__TASK TO COMPLETE__
In the data below, repeat the line containing "this halloween is full of ghosts" and every following line exactly, up to and including the last line. Exclude pictures.

[GIVEN ENTRIES Boundary: Start]

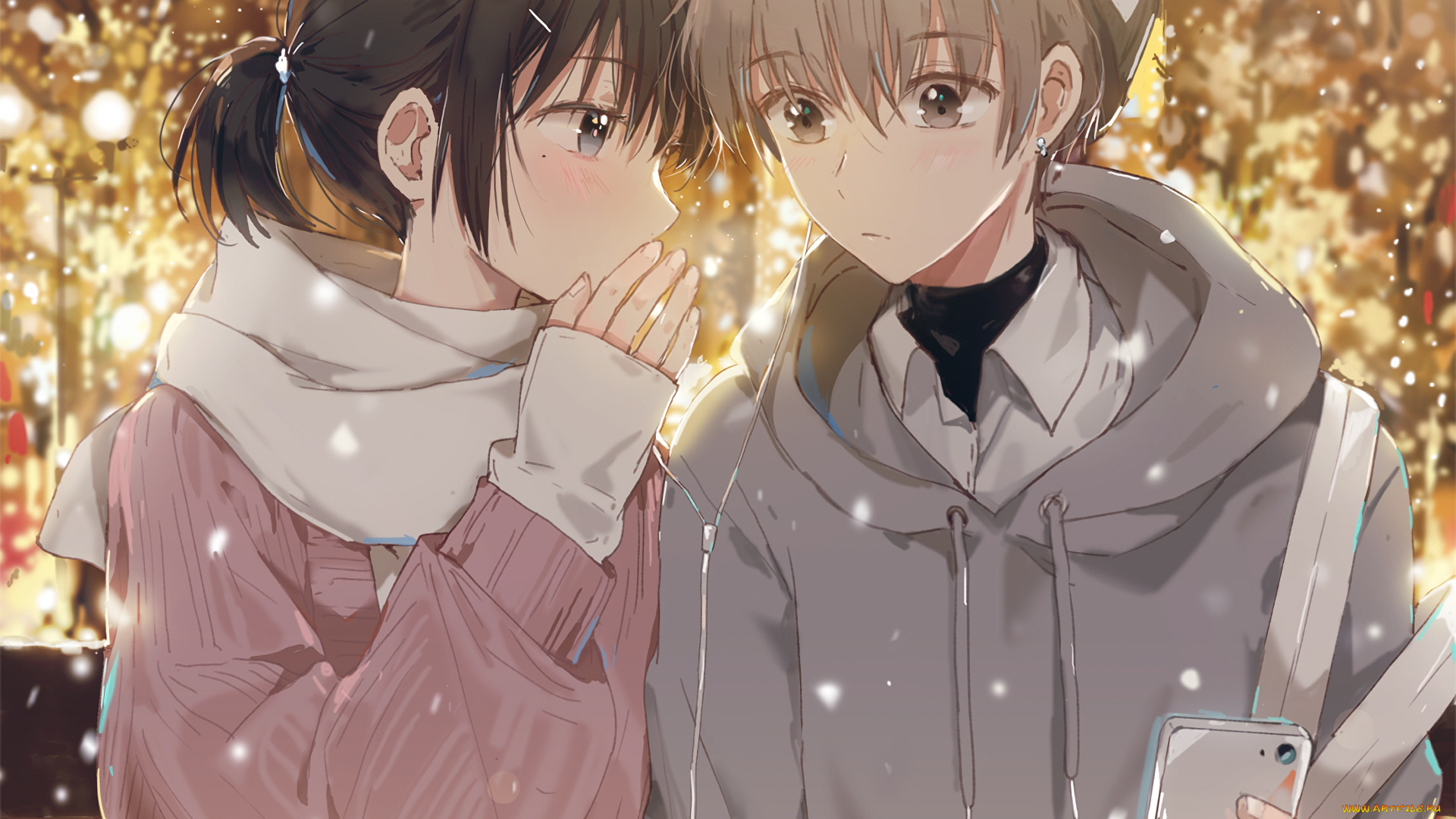 аниме, unknown, , другое, , двое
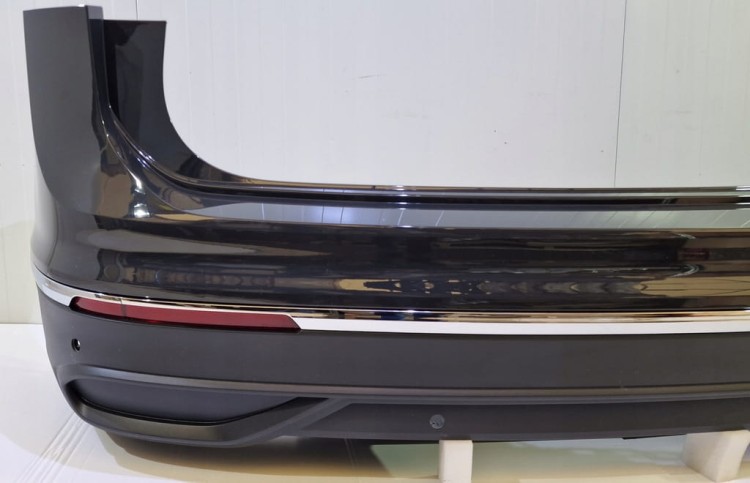 ZDERZAK TIGUAN II LIFT ZDERZAK TYLNY TYŁ LI7F ZDERZAK 4PDC 5NA807421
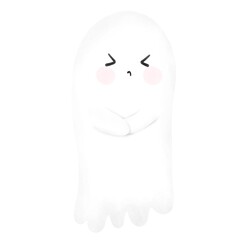 this halloween is full of ghosts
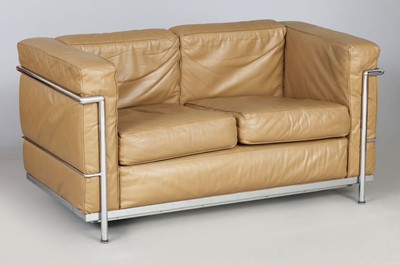 Sofa im Bauhaus Stil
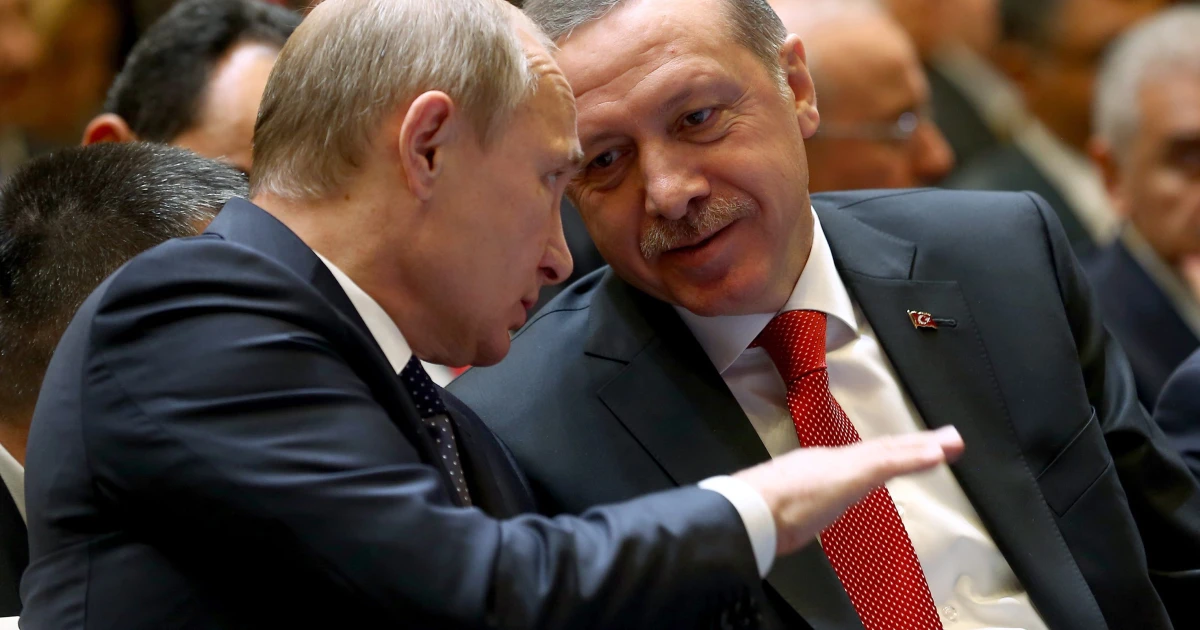 Нова среща между руския президент и турския държавен глава Реджеп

[GIVEN ENTRIES Boundary: End]

__RESPONSE TO THE EXERCISE__
 this halloween is full of ghosts
 Sofa im Bauhaus Stil
 Нова среща между руския президент и турския държавен глава Реджеп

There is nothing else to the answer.